(Saved data entries)
________________________
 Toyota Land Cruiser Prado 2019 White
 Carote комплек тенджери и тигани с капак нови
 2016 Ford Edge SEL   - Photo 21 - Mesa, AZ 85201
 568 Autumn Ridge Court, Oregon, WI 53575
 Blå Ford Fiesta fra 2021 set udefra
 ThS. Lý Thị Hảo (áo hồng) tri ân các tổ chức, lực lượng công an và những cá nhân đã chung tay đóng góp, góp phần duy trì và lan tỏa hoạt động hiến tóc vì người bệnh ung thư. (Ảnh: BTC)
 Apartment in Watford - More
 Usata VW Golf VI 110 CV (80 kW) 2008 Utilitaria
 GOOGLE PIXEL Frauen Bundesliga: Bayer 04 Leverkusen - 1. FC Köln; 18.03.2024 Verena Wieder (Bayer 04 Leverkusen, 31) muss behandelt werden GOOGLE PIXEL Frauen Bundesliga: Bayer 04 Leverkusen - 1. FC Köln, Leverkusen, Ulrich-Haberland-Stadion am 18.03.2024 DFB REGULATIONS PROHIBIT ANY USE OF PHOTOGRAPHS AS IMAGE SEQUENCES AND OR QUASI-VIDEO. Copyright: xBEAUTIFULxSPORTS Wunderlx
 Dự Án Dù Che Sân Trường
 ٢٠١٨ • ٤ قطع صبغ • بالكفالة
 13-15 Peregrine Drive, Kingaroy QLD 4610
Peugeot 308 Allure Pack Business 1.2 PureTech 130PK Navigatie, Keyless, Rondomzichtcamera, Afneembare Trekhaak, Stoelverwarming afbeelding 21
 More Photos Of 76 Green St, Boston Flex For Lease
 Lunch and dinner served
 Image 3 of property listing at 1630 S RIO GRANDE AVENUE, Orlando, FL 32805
________________________
All lines from the top of the data through the line containing "Dự Án Dù Che Sân Trường" need to be retyped exactly, and nothing more.

## [Output below]
 Toyota Land Cruiser Prado 2019 White
 Carote комплек тенджери и тигани с капак нови
 2016 Ford Edge SEL   - Photo 21 - Mesa, AZ 85201
 568 Autumn Ridge Court, Oregon, WI 53575
 Blå Ford Fiesta fra 2021 set udefra
 ThS. Lý Thị Hảo (áo hồng) tri ân các tổ chức, lực lượng công an và những cá nhân đã chung tay đóng góp, góp phần duy trì và lan tỏa hoạt động hiến tóc vì người bệnh ung thư. (Ảnh: BTC)
 Apartment in Watford - More
 Usata VW Golf VI 110 CV (80 kW) 2008 Utilitaria
 GOOGLE PIXEL Frauen Bundesliga: Bayer 04 Leverkusen - 1. FC Köln; 18.03.2024 Verena Wieder (Bayer 04 Leverkusen, 31) muss behandelt werden GOOGLE PIXEL Frauen Bundesliga: Bayer 04 Leverkusen - 1. FC Köln, Leverkusen, Ulrich-Haberland-Stadion am 18.03.2024 DFB REGULATIONS PROHIBIT ANY USE OF PHOTOGRAPHS AS IMAGE SEQUENCES AND OR QUASI-VIDEO. Copyright: xBEAUTIFULxSPORTS Wunderlx
 Dự Án Dù Che Sân Trường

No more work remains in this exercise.